If you wrote you LE RX correctly you have 7.5 diopters of astigmatism and you will need to deal with that by toric IOLs or cornea surgery laser or incisional.
Use the search feature and read the many helpful posts by JodieJ on anisekonia from previous discussions.
Here is a paper on the issue for your doctor:
"Predicting refractive aniseikonia after cataract surgery in anisometropia"
Here is one site with an IOL power calculator that mentions it comes up with aniseikonia if both eye's measurements are used:
"Apart from the original input data on the left side, the results for the 2 IOLs selected are given as tables, stating IOL power, resultant refraction and expected aniseikonia."
What is done is done. Still doesn't make sense to do cataract surgery on the eye with the better vision. In any case I think you are stuck with removing the left lens and putting in an IOL for the intolerable aneisokonia/aneisometrophia. With the comments of Software Developer and my article you should be able to make a better choice. Aiming for a post op refraction of 0.00 (plano) RE and -1.75 LE would be mini-monofocal with distance bias. It works very well for many people. To use your eyes together you would need glasses in a no-line multifocal form. You would be able to do many things without glasses. JCH MD
After getting second opinion and reviewing your comment I had my left eye IOL surgery on Feb 18th. It's been just about 4 days since.

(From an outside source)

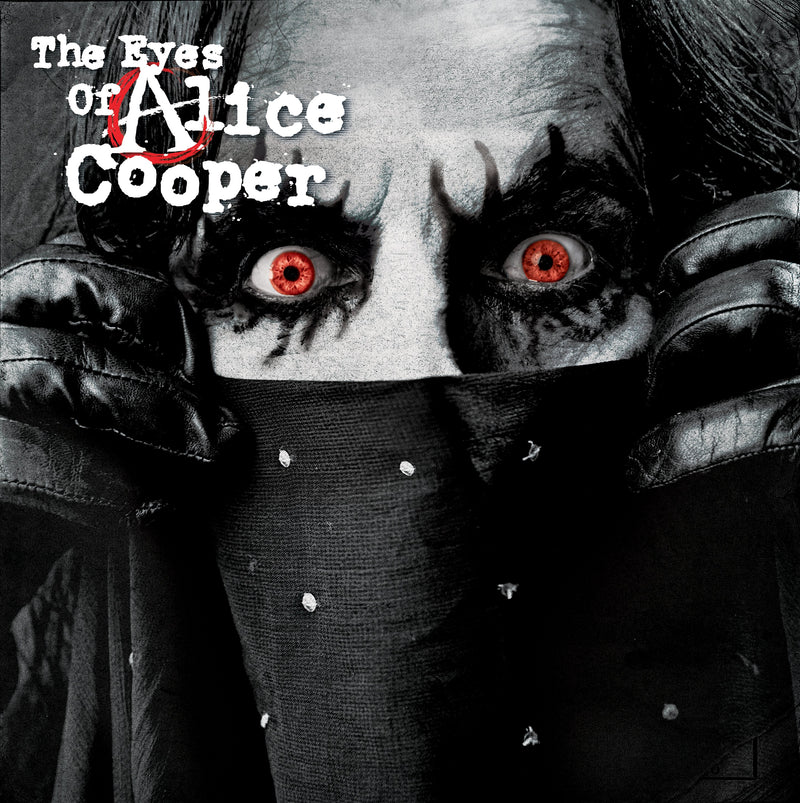 Alice Cooper - The Eyes of Alice Cooper LP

My current right eye is plano with 6.5D IOL, advanced from slightly more from my 2 month followup of -0.25. My doctor and I chose my left IOL targeting -1.75 with 9.5D IOL(SEQ Ref -1.79).

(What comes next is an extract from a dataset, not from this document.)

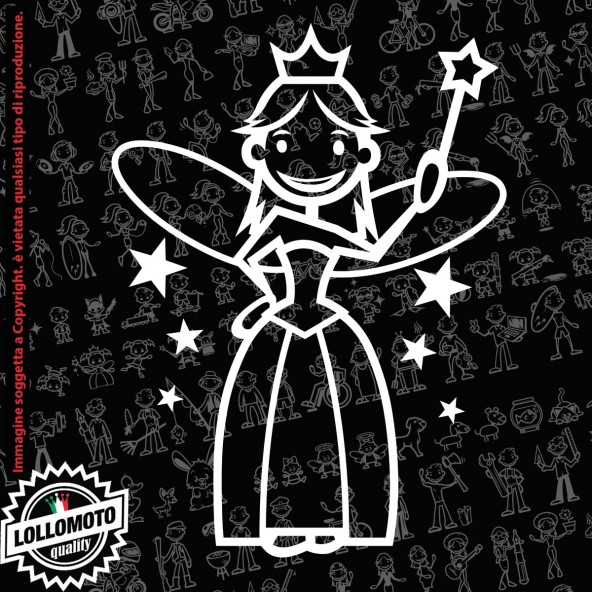 Mamma Pallavolo StickMan© 2.0 Bianchi e Neri Adesivi Famiglia Vetro Auto Stickers Family Stickers Family Decal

I hoped my unbearable aniseikonia would be almost gone after surgery, but I still experience noticeable aniseikonia which is somewhat better to handle than before the surgery though. I have very good near vision with my left eye, I have very clear vision when I use my iphone or anything closer than 1 foot. But things get unclear soon after 1 1/2 foot, and everything is so fuzzy after. My right eye is seeing well from 3 feet and further(20/20).
With my both eyes open, due to the persisting aniseikonia things are not fused well. Mid-range activities like watching TV is not easy. I see very well with my right eye but I see almost nothing well with my left eye. I don't read big letters of 55 inch TV even from 5 feet apart. It affects all my intermediate and distance vision all together.
I am seeing my doctor in 3 week post op. If the difference of diopters is greater than 2 at the time and still have trouble seeing with both eyes after 3 weeks, what could be my best choice to correct or cope with this problem? My corneal thickness is 530 to 540 and I do not feel laser touch-ups is a good option(my doctor also told me the same even before left eye surgery). How about piggybag IOL or even IOL exchange? I know I need to wait at least 3 weeks after surgery to get my left eye diopter accurately but with moderate aniseikonia even after left eye surgery it makes me worried and feel need of informed. Thank you.
Yes, I will try to relax more and hope my brain adjusts to this new vision. After my first 3 week post-op visit I will update you how my visions are settled. I really appreciate your comment.